Here is Kafka’s last text, written in 1922. He asked his good friend, Max Brod, to burn it upon his death. Mr. Brod, an ever-loyal friend, didn’t do that; he published it instead. A good friend. Or I guess–more appropriately–a good friend? (With a question mark.)
Some say that Mr. Kafka knew that that would happen, that Mr. Brod had told him that he would publish it before. Some don’t say that.
Either way, here it is. That text.
So what of that text?
I don’t know much of Kafka, aside from the obvious; but it seems to me safe to think he was in love with the absurd. Something about a man waking up as a bug.
But then there’s this. It’s strange to say that this story, his final work—and not the story of bugs or that guy who was a starving artist in that he literally starved himself—is the one where Kafka takes absurdity to another level. Ok, fine, maybe such a statement is… wait for it… absurd, but hear me out. From the moment the protagonist, yes, absurdly named “K.”, arrives in town and is told that he cannot sleep in the village without permission from the king but that he cannot get permission because everyone, including the king, is asleep, we see it. Without man-bugs, this book still somehow manages to be absurd. Let’s be more precise, my English teachers have always told me. Ok, fine. Here, in this book (probably not all that different from Kafka’s Metamorphosis) it’s the absurdity of authority; that’s the focus here. Precisely. Everything here, in this book, is a power struggle. There are officials and servants and barmaids and landlords and everyone jockeys for position and no one can rest from it. No one—not even K., the one outsider—is immune from authority in this book just as no one is immune from the absurdity in this book, either.
So what’s it all mean?
It seems hard not to see this all–as with much of Mr. Kafka’s writing–as some sort of social commentary, offered up by our good friend (not in the Max Brod sense of good friend), Mr. Kafka. A critique on authority? Perhaps.

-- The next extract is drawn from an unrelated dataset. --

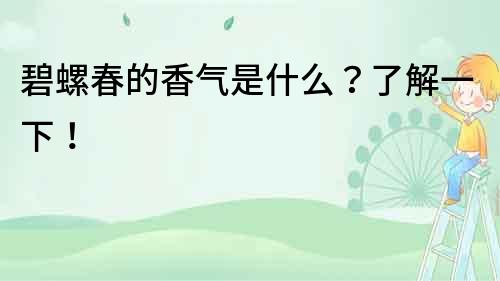 碧螺春的香氣是什么？了解一下！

Everything authoritative seems absurd. A-ha! All of his writing seems to point toward that. Read it. His stories. It kind of makes sense.
But hold on, if this story–his final story–is one on the absurdity of authority, then the text is one on the absurdity of convention. The entire text, so obsessed with authority, subverts it entirely. You can see it in the pages. The paragraphs run on; the sentences run on; the story runs on. There are commas where there should be periods, the main character’s name is nothing more than an initial (K.), and a new character is introduced in the last paragraph. And in that famous final sentence (or, more accurately, sentence fragment), Mr. Kafka offers one final homage to disrespecting convention. And so the story ends mid sentence. A sentence forever unended.

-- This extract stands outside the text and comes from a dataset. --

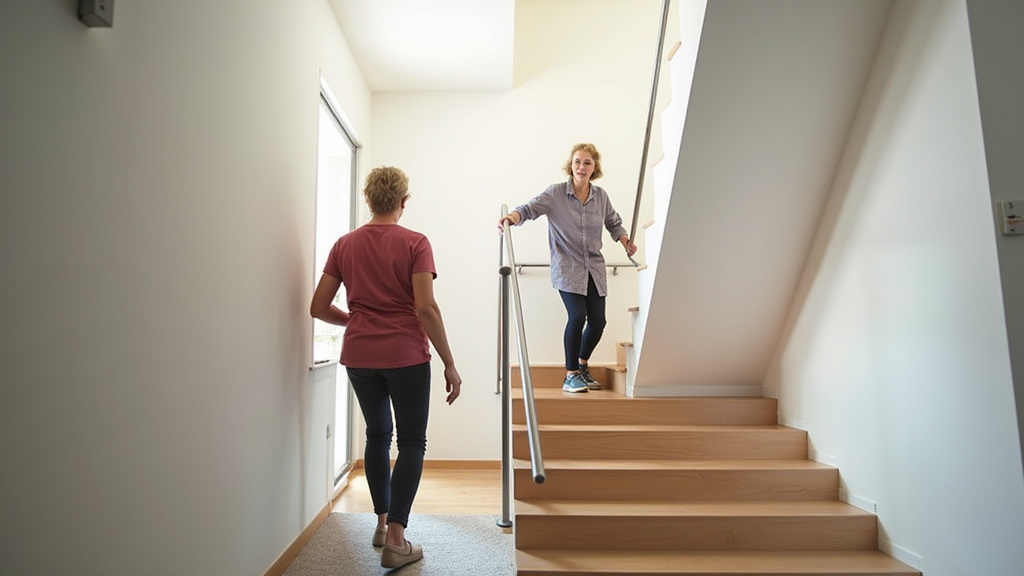 Personne âgée en train d’utiliser un monte-escalier chez elle à Barjols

It is all almost enough to makes us, dare I say, miss rules… and conventions… and order… and commas in the right places and periods and paragraph breaks, and etc.–all of which are forms of, yup, you got it, authority.
So there really are two stories here.
In one, we see a world where rules dominate. You cannot enter the Castle unless you’re invited. You must wait for meetings. You cannot enter a hall unless that is your role in society. In the other, we read of a world where there are no rules, just a breathless text, perforated with commas but not paragraphs.

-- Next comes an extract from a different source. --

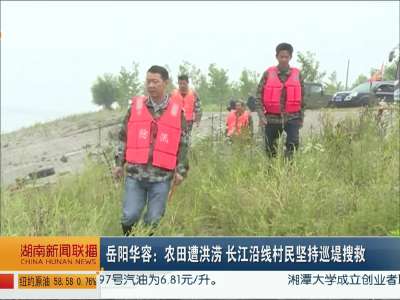 岳阳华容：农田遭洪涝 长江沿线村民坚持巡堤搜救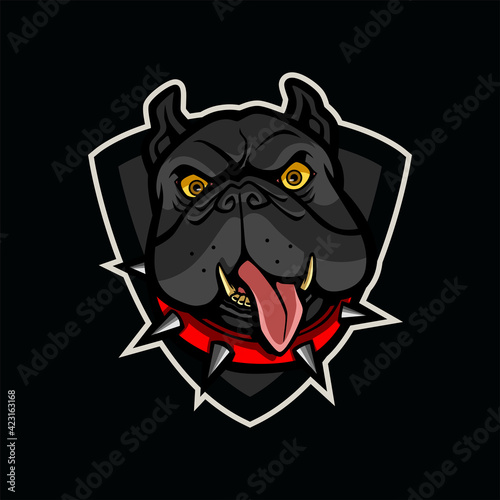 Black Dog Mascot Logo Illustration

Then there are the assistants, Jeremais and Arthur. The childlike assistants who are so over-the-top obedient while being simultaneously over-the-top subversive. They are the story of the Castle, obsessed with rules and authority and doing what they are told. But they are also the text, always seeming to be about authority but subverting it at the same time.
Perhaps, therein lies the rub. So maybe Mr. Kafka thinks authority’s pretty silly. But maybe, just maybe, despite how extreme everything seems, what Mr. Kafka finally decided about authority–and absurdity–is that there must a happy medium somewhere in between the two—a place in between the village and the Castle. And so his final answer in his final book in a career that spent a lot of time trying to figure all that stuff out: A happy medium.
After all, any other conclusion would just be absurd.